• _EXERCISE GOAL_: For this exercise, write out only the lines of the entries below from the one with "Mit Alzheimerheimer Liebe" up to and including the one with "лягушачья слякоть —", exactly as they are. Pictures stay out.

• _THE DATA_:

:::::

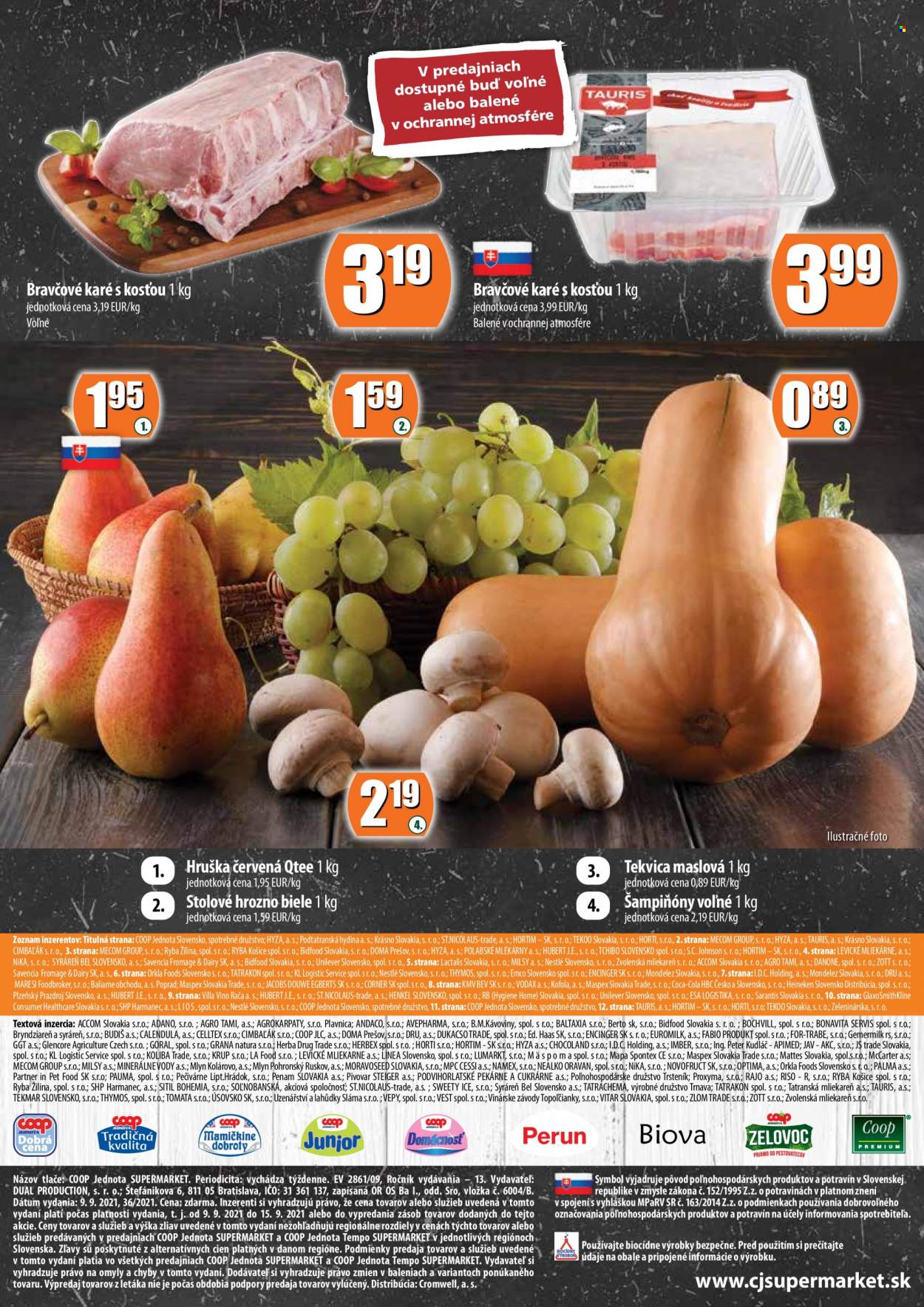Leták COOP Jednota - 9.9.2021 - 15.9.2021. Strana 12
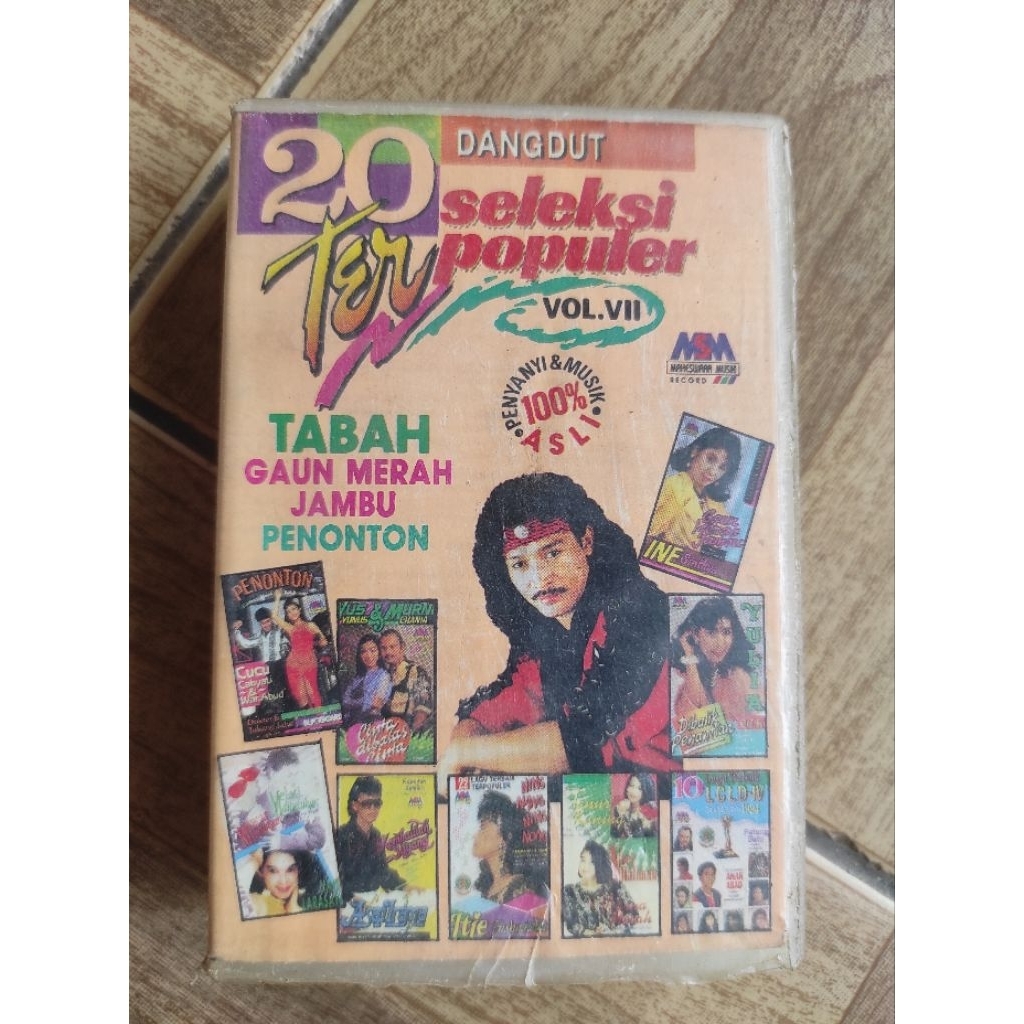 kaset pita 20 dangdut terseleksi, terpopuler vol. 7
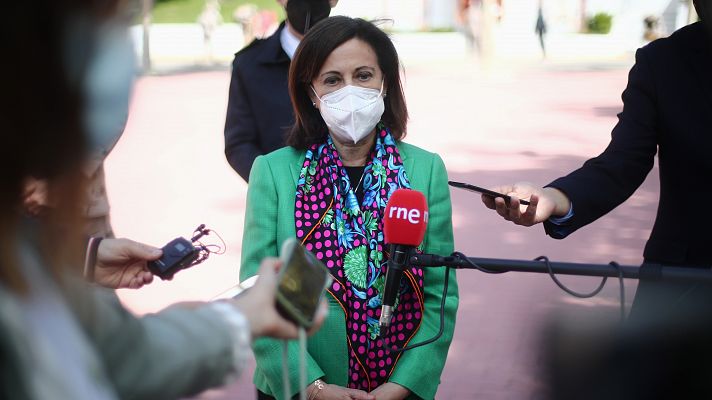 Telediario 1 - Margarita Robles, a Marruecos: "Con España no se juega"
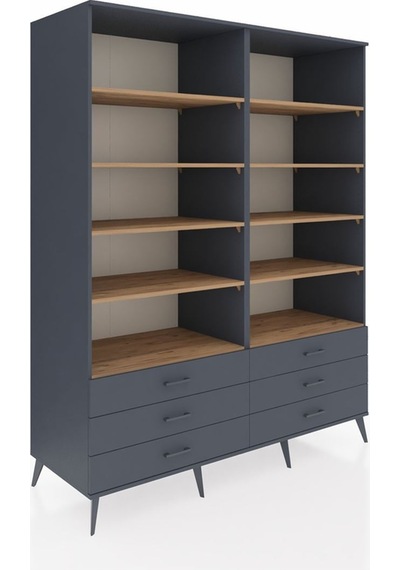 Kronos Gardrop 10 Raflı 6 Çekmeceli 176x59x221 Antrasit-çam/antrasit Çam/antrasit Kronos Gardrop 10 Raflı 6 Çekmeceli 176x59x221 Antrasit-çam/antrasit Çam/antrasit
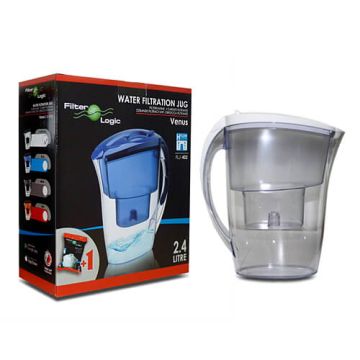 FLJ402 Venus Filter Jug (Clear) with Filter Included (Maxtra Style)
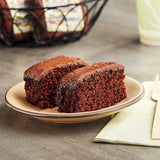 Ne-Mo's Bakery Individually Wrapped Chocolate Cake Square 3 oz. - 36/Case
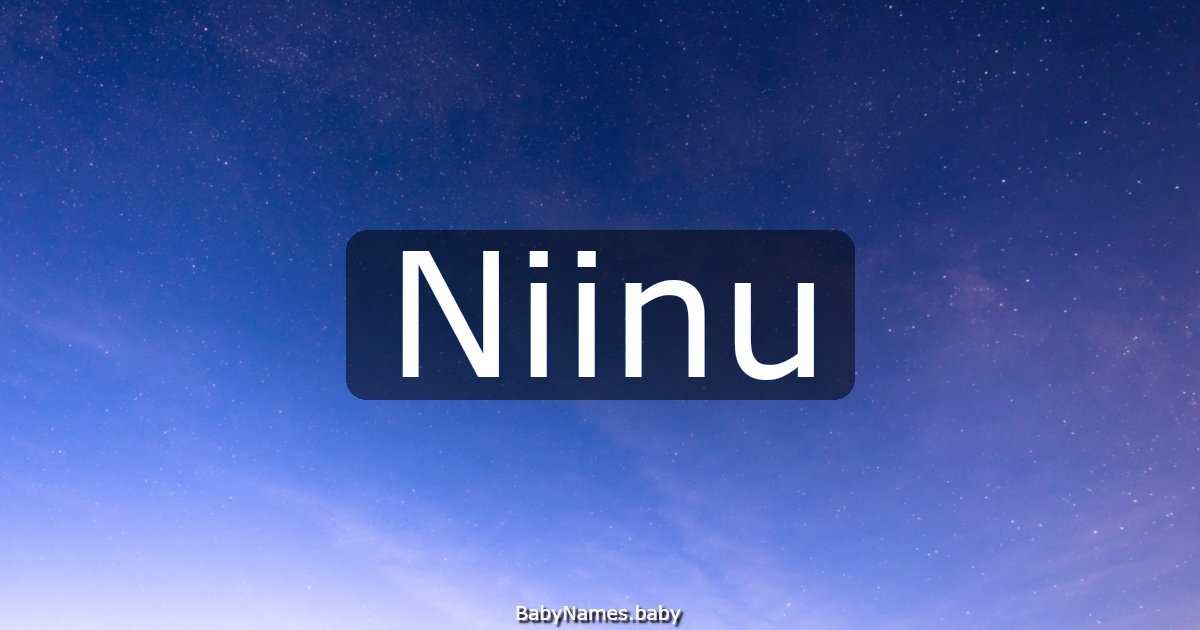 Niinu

:::::

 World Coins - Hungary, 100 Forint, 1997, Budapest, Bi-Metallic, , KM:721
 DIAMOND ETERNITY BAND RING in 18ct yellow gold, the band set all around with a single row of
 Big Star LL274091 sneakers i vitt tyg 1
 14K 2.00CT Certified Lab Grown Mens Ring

:::::

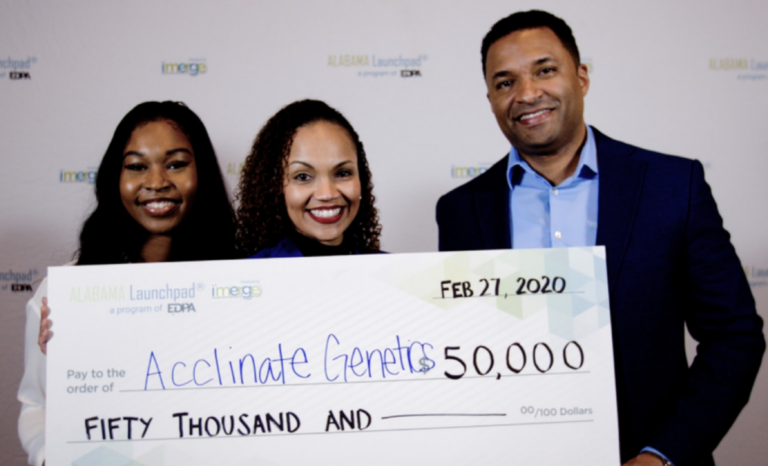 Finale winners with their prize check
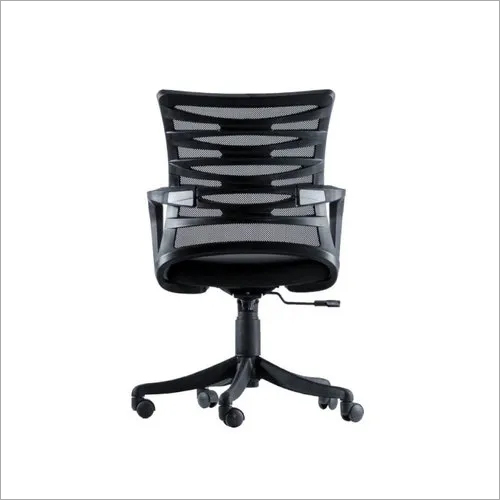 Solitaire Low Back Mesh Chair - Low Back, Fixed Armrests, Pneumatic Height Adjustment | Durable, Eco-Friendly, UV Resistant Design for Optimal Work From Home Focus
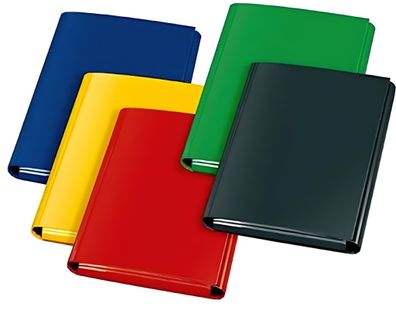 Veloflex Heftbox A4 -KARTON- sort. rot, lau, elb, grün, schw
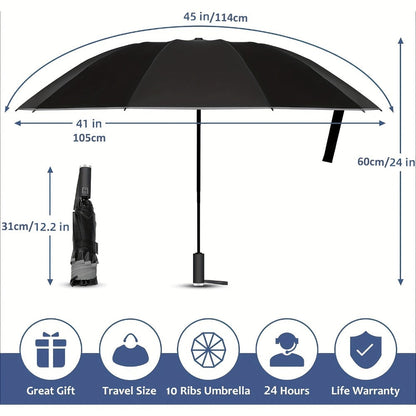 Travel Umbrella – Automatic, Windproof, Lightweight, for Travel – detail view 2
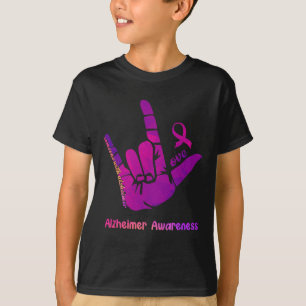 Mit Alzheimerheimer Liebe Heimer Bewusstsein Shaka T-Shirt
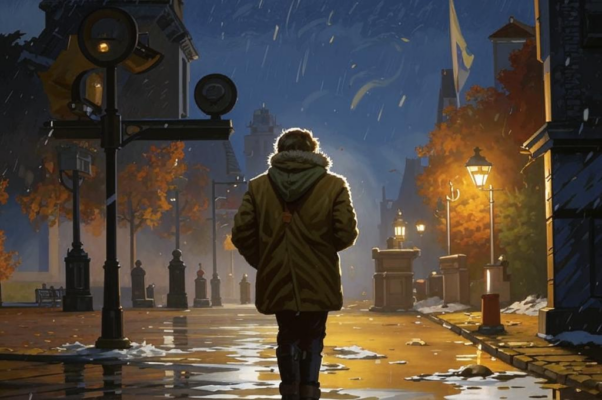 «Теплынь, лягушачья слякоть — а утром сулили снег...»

:::::

• _EXERCISE ANSWER_:
 Mit Alzheimerheimer Liebe Heimer Bewusstsein Shaka T-Shirt
 «Теплынь, лягушачья слякоть — а утром сулили снег...»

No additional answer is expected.